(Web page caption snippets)
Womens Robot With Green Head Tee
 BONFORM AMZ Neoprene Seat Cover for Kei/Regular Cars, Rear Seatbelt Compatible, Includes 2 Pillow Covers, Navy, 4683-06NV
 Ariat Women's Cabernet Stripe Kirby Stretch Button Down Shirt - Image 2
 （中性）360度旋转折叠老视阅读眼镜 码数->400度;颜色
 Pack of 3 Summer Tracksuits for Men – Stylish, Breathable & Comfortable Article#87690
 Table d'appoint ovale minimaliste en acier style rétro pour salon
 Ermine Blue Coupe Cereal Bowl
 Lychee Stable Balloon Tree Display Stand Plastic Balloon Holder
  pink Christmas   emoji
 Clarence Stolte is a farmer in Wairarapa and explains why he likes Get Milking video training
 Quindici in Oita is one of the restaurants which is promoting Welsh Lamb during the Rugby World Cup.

▸ **ASSIGNED TASK**
Where the records above contain a line with "Clarence Stolte is", repeat that line and each later line through the end, exactly, and nothing more.

▸ **OUTPUT FOR THIS TASK**
 Clarence Stolte is a farmer in Wairarapa and explains why he likes Get Milking video training
 Quindici in Oita is one of the restaurants which is promoting Welsh Lamb during the Rugby World Cup.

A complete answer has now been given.